Back in June, I thought it’d
be a good idea to check in with Rosalba at the Prefetura. I wanted to know if a) I had all the documents that
I needed and b) the translations I did were ok because c) as of the first week
of July, I’d be in Italy for two years and could d) apply for citizenship.
Last October, I had gone to
the Prefetura to get the skinny
on applying for citizenship. Please don’t ask me to explain what a prefetura is. I can’t. I have no idea. I might have at one
time, but now, my brain has been made mush by Italian bureaucratic quirks.
Suffice it to say, it is some kind of state office that we in the US have no
need for. Because we do not do some of the things that they do here.

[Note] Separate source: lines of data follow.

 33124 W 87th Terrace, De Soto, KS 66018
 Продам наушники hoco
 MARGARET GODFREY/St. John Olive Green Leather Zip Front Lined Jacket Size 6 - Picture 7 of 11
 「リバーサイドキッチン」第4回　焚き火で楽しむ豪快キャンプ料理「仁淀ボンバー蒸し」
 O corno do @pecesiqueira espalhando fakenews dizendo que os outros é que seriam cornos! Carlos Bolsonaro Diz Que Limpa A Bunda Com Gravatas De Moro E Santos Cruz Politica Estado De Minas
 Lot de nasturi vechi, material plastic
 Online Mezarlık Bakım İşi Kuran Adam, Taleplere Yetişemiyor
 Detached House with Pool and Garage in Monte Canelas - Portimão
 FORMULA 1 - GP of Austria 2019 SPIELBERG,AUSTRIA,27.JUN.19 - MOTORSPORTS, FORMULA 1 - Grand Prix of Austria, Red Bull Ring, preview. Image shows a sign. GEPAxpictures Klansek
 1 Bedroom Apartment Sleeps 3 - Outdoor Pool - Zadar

Back then, the lovely woman
gave a cursory glance at my existing documents, asked how long I’d been in the
country and handed over the application with its list of more documents needed
and sent me on my way.
I needed to get:
- my birth certificate from
the State of New York. Long form, with an Apostille
- a report of good conduct
from the State of New York, with an Apostille.

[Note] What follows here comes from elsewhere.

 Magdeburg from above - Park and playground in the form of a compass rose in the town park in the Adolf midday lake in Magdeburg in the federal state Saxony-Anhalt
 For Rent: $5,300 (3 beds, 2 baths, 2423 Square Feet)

- a criminal record/record
of no arrest from the FBI. (Say it with me) With an Apostille.
- various weird (to me)
documents from the town hall here: an extract of our marriage; a “stato di
familia” (kind of like a formal
declaration of who makes up our family in our registered domicile; a residence
document. Like I said, weird);
a certificate of citizenship for V.
The documents from the US
needed to be translated into Italian.
In January, I got my
fingerprints to send to New York and to Washington. It took three months to
figure out who could do them for me and where to get it done.
So, now, June. Almost two
years since I’d entered Italy and applied for my Permesso di Soggiorno, which meant almost time to submit my application
for citizenship through marriage. I thought it’d be a good time to check in to
see if anything had changed, if I needed any more documents, if the ones I had
were ok.
Despite them moving this
particular office of the prefetura,
not having signs on the actual office door (or even near the office door)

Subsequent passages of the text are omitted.